A 2021 study by the Canadian Centre for Policy Alternatives, which analyzed data from the 2016 census, found racialized seniors were most reliant on public pensions, accounting for 40 per cent of their income, compared to 34 per cent for white seniors and 25 per cent for Indigenous seniors. And according to a Statistics Canada labour force survey from September 2020, low-income employees accounted for an above-average share of all workers in most of the population groups designated as visible minorities.
Defined benefit and defined contribution pension plans are locked in and are the least flexible plans on the market due to mandated contributions in many cases, says Holman, noting a group tax-free savings account is a much more flexible option for low- and moderate-income earners because individuals can access the funds when needed. If a person remains at a fairly low income for their lifetime and doesn’t accumulate much in the way of retirement savings, she adds, a group TFSA won’t affect their government subsidized benefits in retirement.
Another savings vehicle that’s becoming more prevalent is a retirement savings plan with a student debt repayment option. In this arrangement, either the employer or employee contribution goes towards paying down the student loan, while the other is directed to retirement savings. Holman notes many people in the BIPOC community may not benefit from intergenerational wealth transfer so they’ve amassed student debt in order to pay for post-secondary education.

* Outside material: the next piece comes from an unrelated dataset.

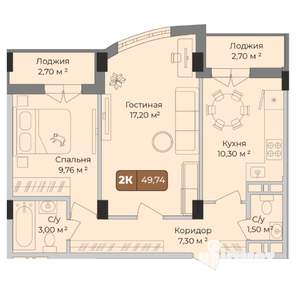 2-к квартира, вторичка, 50м2, 2/9 этаж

“Now that there is a broader array of plans available, employers are re-evaluating their [options] to see what works best for their workforces. Helping employees meet their current financial needs, while also [helping them] save for their retirement . . . will get them to a much better financial position.”
If employers can create good savings behaviours among their employees early, they’ll continue that behaviour throughout their working career. “Yes, they might use some [TFSA savings] for something other than retirement, but maybe that’s the best use of their resources at this point in time. . . . If [employers] can get people to . . . learn how to save and build an emergency fund, . . . they will be on a better path to financial wellness than if [they] offer a pension and [employees] decide they can’t contribute . . . because they may need the ability to access their money.”
Tyler Downey, secretary treasurer of the Service Employees International Union Healthcare, agrees. The union’s MY65+ plan is a group TFSA available to all of its employees and union members. Over the last two years, he’s aware of only two withdrawals out of the hundreds of members enrolled in the plan. “What that tells me is . . . get them in, start them small and just let them go.”
Financial education is also key, says Holman, adding these programs should be inclusive to all employee groups and approached from a diversity, equity and inclusion perspective. “Trust in the financial system is a huge barrier to people absorbing and taking action on the financial planning information they might gather.”
Simplicity is important, says Downey, suggesting employers focus the conversation on the importance of retirement security and how saving $30 or $40 a month for the next 20 to 30 years can help them reach their retirement goals. “It’s really [connecting it] to the individual [to] help [them] get over their fears of starting [to save]. . . . Once they . . . pick up the habit, it becomes a longer-term [behaviour].”
When employees can’t afford to retire, workforce management becomes a real struggle for companies, says Holman, noting it poses a morale risk to younger workers when older employees can’t vacate senior positions. It could lead to increased benefits costs and disability leaves, as well as absenteeism and presenteeism stemming from the mental-health impacts of financial stress.
“It’s one of the biggest issues employers are going to be dealing with for the next 10 to 15 years, especially in these difficult economic times.”